Active and Semi-Supervised Learning Theory

-
Rob Nowak, University of Wisconsin, Madison
Fine Hall 214

Science is arguably the pinnacle of human intellectual achievement, yet the scientific discovery process itself remains an art. Human intuition and experience is still the driving force of the high-level discovery process: we determine which hypotheses and theories to entertain, which experiments to conduct, how data should be interpreted, when hypotheses should be abandoned, and so on. Meanwhile machines are limited to low-level tasks such as gathering and processing data. A grand challenge for scientific discovery in the 21st century is to devise machines that directly participate in the high-level discovery process. Towards this grand challenge, we must formally characterize the limits of machine learning. Statistical learning theory is usually based on supervised training, wherein a learning algorithm is presented with a finite set of i.i.d. labeled training examples. However, modern experimental methods often generate incredibly large numbers of unlabeled data for very little expense, while the task of labeling data is often painstaking and costly. Machine learning methods must leverage the abundance of unlabeled data in scientific problem domains.
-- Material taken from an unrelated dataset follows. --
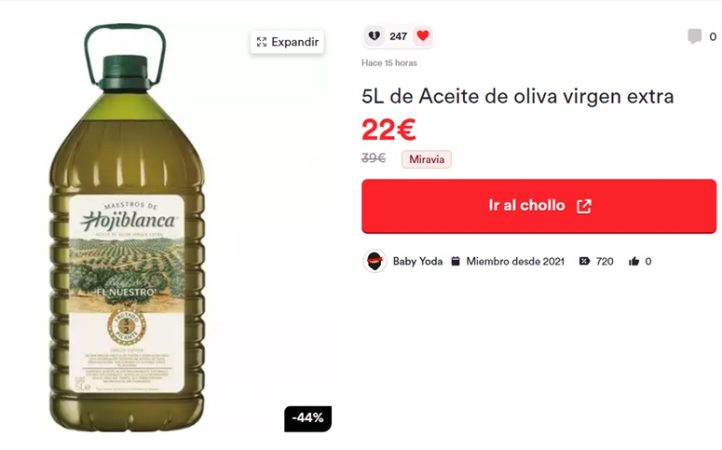 aceite Michollo Merca2.es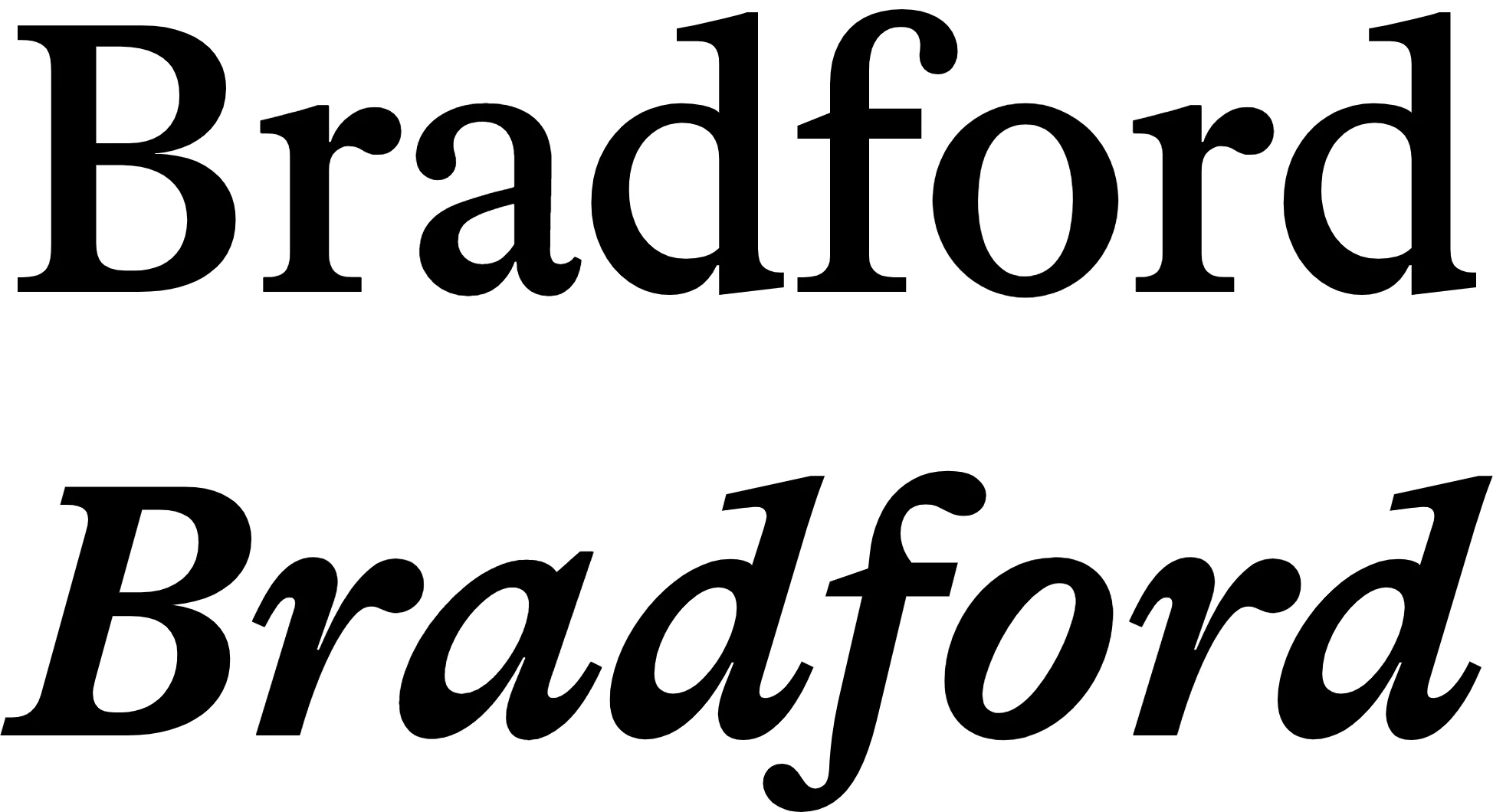 Download Bradford Regular Font Free - Versatile and Stylish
Active learning (AL) and semi-supervised learing (SSL) are two well known approaches to exploit unlabeled data. In both paradigms one has access to a large pool of unlabeled examples, and only a few labeled examples are provided or selected. AL is a sequential feedback process. Unlabeled examples that are predicted to have very informative labels, based on previously gathered labeled and unlabeled data, are selected for labeling. In SSL, labeled examples are randomly provided, without regard to potential informativeness. Today, little is known about theoretical limits of AL and SSL performance. Sparsity and complexity of the underlying data-generating distributions appear to play a central role in the performance of AL and SSL, and this talk will discuss some of the known theoretical results.This work is joint with Rui Castro, Aarti Singh and Jerry Zhu.